::: Data for this task :::
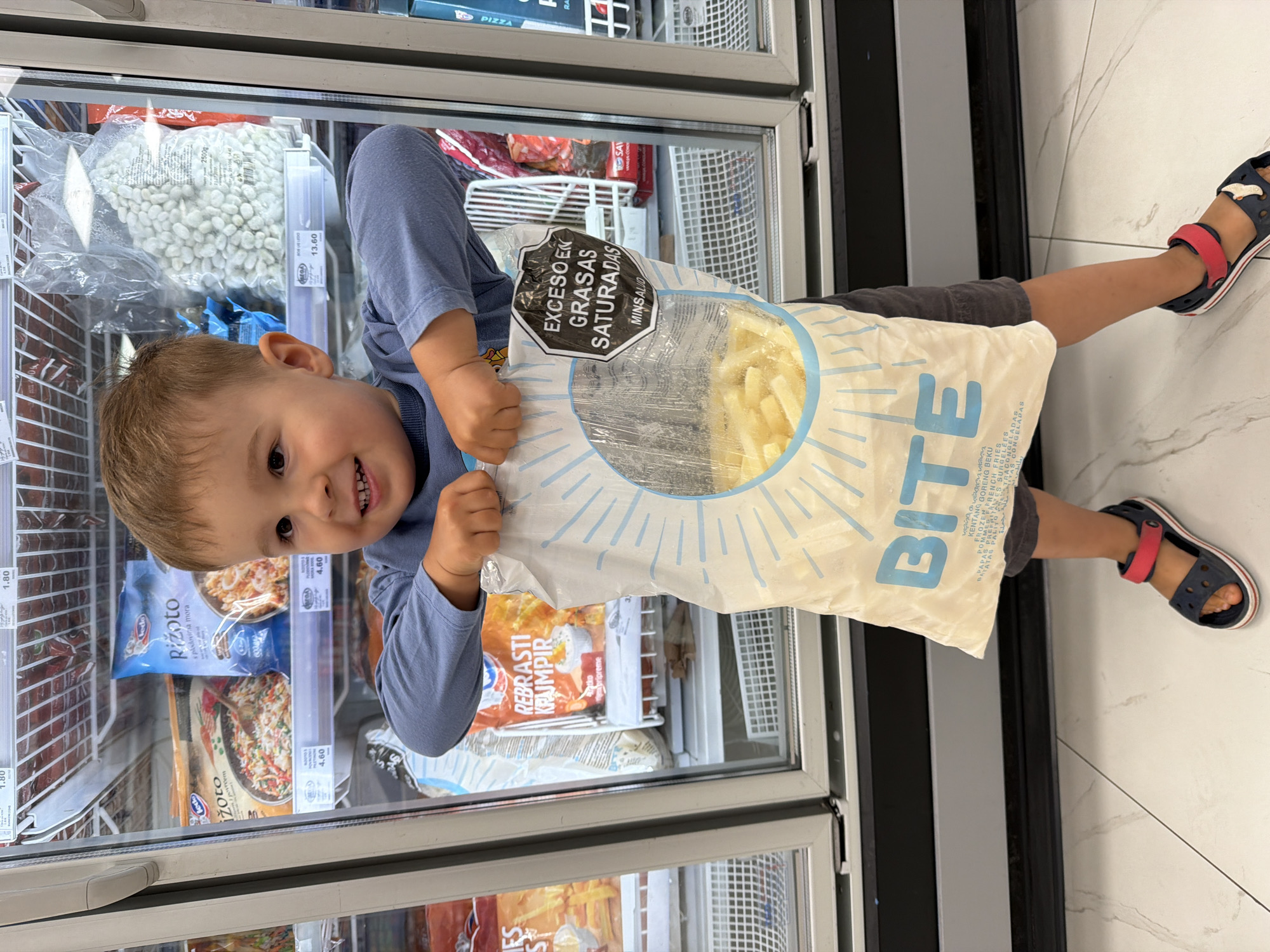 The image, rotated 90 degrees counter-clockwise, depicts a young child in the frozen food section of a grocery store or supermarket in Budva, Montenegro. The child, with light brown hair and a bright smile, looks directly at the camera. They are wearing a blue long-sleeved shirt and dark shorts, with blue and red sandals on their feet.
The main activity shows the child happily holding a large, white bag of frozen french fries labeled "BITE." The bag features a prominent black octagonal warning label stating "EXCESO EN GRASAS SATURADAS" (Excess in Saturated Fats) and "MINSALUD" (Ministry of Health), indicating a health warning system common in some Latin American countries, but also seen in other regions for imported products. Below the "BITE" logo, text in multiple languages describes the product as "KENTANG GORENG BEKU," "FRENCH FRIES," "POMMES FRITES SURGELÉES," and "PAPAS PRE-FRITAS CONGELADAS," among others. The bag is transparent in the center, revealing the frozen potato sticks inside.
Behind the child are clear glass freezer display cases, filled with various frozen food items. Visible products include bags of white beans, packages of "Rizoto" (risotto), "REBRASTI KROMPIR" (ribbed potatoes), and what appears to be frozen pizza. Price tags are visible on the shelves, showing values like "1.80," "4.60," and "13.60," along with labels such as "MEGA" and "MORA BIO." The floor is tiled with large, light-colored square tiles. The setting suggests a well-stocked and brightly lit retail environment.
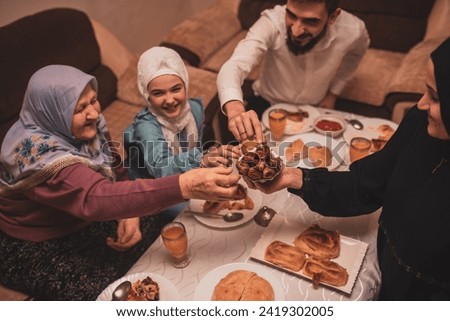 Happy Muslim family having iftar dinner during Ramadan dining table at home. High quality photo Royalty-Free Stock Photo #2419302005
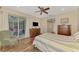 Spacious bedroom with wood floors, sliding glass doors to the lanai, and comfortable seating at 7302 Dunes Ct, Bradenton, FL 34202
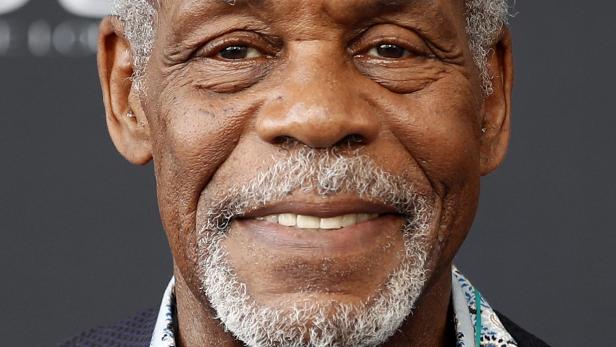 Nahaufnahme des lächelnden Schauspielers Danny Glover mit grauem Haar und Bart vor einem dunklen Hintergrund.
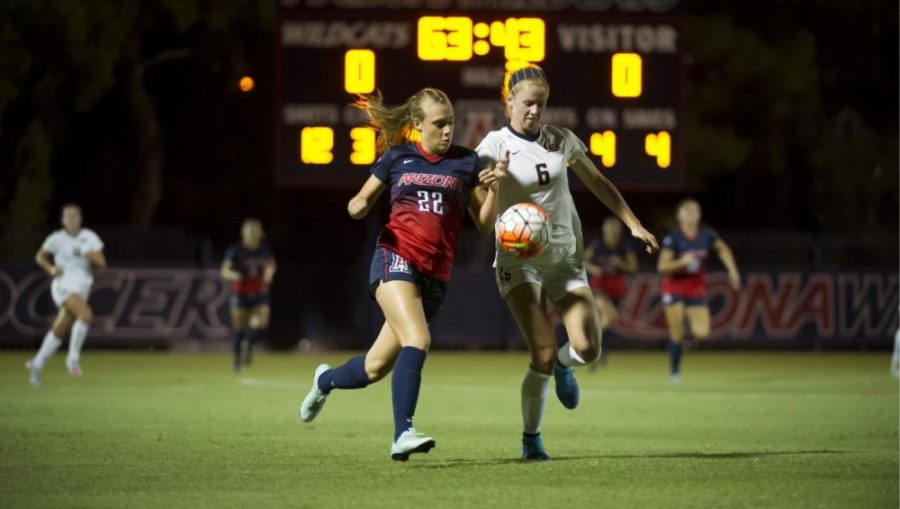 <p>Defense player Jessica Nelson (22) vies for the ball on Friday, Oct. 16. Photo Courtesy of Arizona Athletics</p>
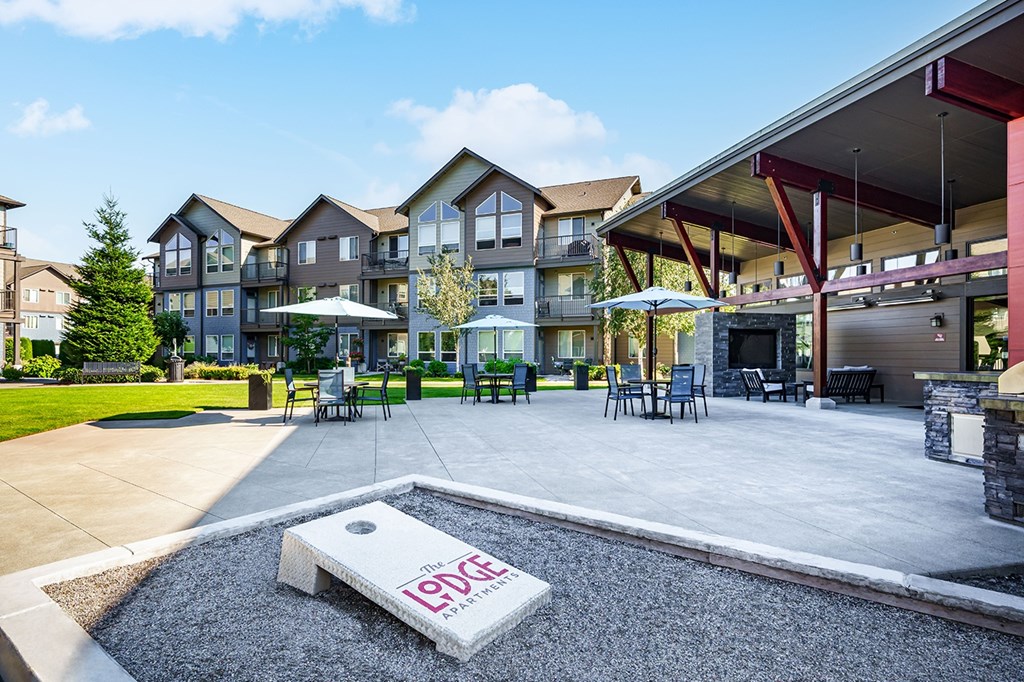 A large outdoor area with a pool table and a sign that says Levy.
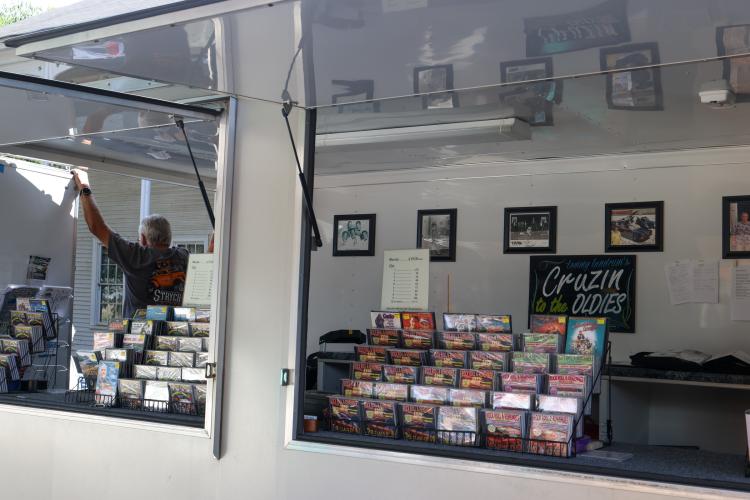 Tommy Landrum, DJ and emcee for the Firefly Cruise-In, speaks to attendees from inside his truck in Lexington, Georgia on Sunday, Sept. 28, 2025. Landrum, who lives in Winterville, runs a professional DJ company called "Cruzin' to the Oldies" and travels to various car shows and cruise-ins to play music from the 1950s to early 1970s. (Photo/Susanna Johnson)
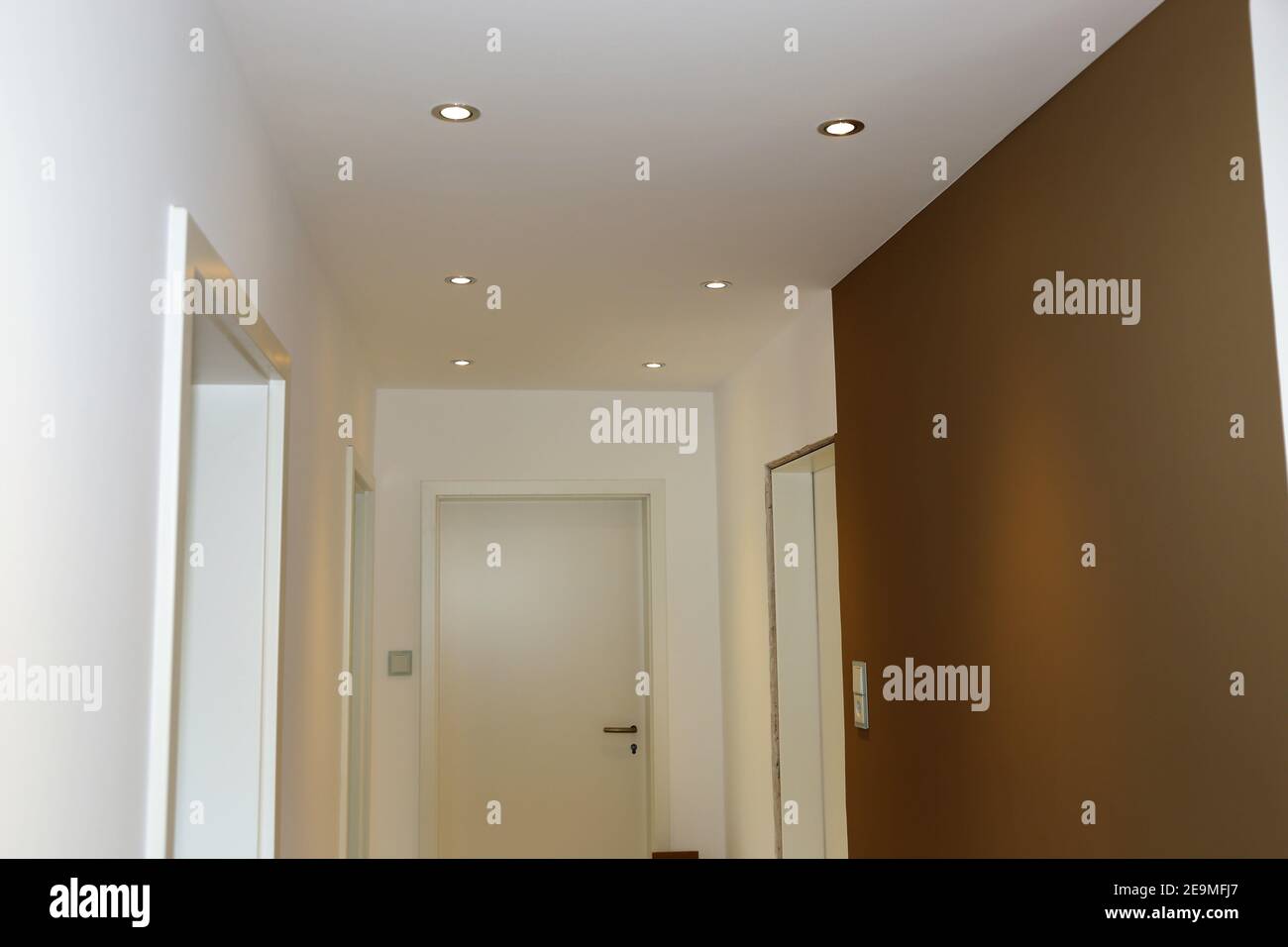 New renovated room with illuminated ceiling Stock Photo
:::
Directions for this task —
Leave out the pictures and set down everything else in the entries above exactly.

Your response —
 The image, rotated 90 degrees counter-clockwise, depicts a young child in the frozen food section of a grocery store or supermarket in Budva, Montenegro. The child, with light brown hair and a bright smile, looks directly at the camera. They are wearing a blue long-sleeved shirt and dark shorts, with blue and red sandals on their feet.
The main activity shows the child happily holding a large, white bag of frozen french fries labeled "BITE." The bag features a prominent black octagonal warning label stating "EXCESO EN GRASAS SATURADAS" (Excess in Saturated Fats) and "MINSALUD" (Ministry of Health), indicating a health warning system common in some Latin American countries, but also seen in other regions for imported products. Below the "BITE" logo, text in multiple languages describes the product as "KENTANG GORENG BEKU," "FRENCH FRIES," "POMMES FRITES SURGELÉES," and "PAPAS PRE-FRITAS CONGELADAS," among others. The bag is transparent in the center, revealing the frozen potato sticks inside.
Behind the child are clear glass freezer display cases, filled with various frozen food items. Visible products include bags of white beans, packages of "Rizoto" (risotto), "REBRASTI KROMPIR" (ribbed potatoes), and what appears to be frozen pizza. Price tags are visible on the shelves, showing values like "1.80," "4.60," and "13.60," along with labels such as "MEGA" and "MORA BIO." The floor is tiled with large, light-colored square tiles. The setting suggests a well-stocked and brightly lit retail environment.
 Happy Muslim family having iftar dinner during Ramadan dining table at home. High quality photo Royalty-Free Stock Photo #2419302005
 Spacious bedroom with wood floors, sliding glass doors to the lanai, and comfortable seating at 7302 Dunes Ct, Bradenton, FL 34202
 Nahaufnahme des lächelnden Schauspielers Danny Glover mit grauem Haar und Bart vor einem dunklen Hintergrund.
 <p>Defense player Jessica Nelson (22) vies for the ball on Friday, Oct. 16. Photo Courtesy of Arizona Athletics</p>
 A large outdoor area with a pool table and a sign that says Levy.
 Tommy Landrum, DJ and emcee for the Firefly Cruise-In, speaks to attendees from inside his truck in Lexington, Georgia on Sunday, Sept. 28, 2025. Landrum, who lives in Winterville, runs a professional DJ company called "Cruzin' to the Oldies" and travels to various car shows and cruise-ins to play music from the 1950s to early 1970s. (Photo/Susanna Johnson)
 New renovated room with illuminated ceiling Stock Photo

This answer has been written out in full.